For a certain subsection of the Pittsburgh population, a momentous merger occurred sometime around the beginning of November.

Allegheny County and the city of Pittsburgh, you ask? No, just a pipe dream. The Center and Monaca school districts? Still tying up loose ends.

Rather, the families that run the superb South Indian restaurant Udipi in Monroeville and the Kashmiri food truck in Oakland decided to join forces on a new Indian restaurant on Semple Street.

The result, Bayleaf Indian Cuisine, isn't exactly upscale -- plastic silverware sits on the table in red soft drink cups, for example -- but the restaurant's interior is comfortable and pleasant, with walls painted in bright, Indian flag shades of green and orange, and dark wooden tables and chairs.

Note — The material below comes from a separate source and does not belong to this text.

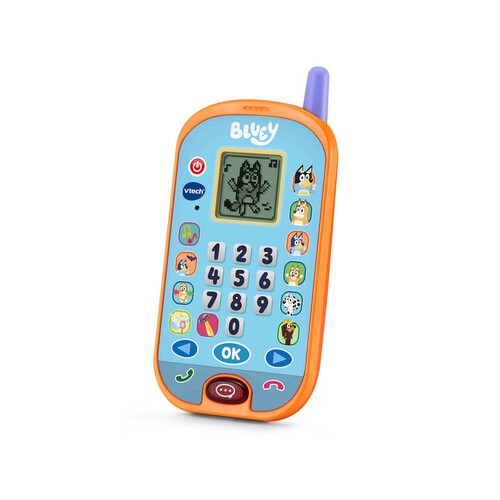 Teléfono de actividades educativo de Bluey con aprendizaje de números, cálculo y lógica, VTECH.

If that decoration isn't enough, Bollywood videos run continuously on a large flat-screen television near the restaurant's bar area.

Munch and Dear One of Munch (DOOM) arrived early, around 6 p.m. on Saturday night, and found themselves the only ones in the restaurant. Munch was trying to eat in time for a 7:40 p.m. show of "Slumdog Millionaire," realizing only halfway through dinner that Munch had accidentally planned a Saturday Spectacular on the Indian Subcontinent.

And spectacular it was.

Munch and DOOM started with what is perhaps the second-best deal in all of Pittsburgh -- two softball-sized samosas for $1.99 served with tamarind and cilantro sauces. Munch doesn't even particularly like cilantro, but you sure wouldn't know it based on the way Munch was shoveling it on with a plastic spoon.

Munch liked the samosa so much, in fact, that when an awkward stab of the plastic silverware knife resulted in part of the samosa flying to the floor, Munch immediately began pondering the application of the 10-second rule to a carpeted restaurant.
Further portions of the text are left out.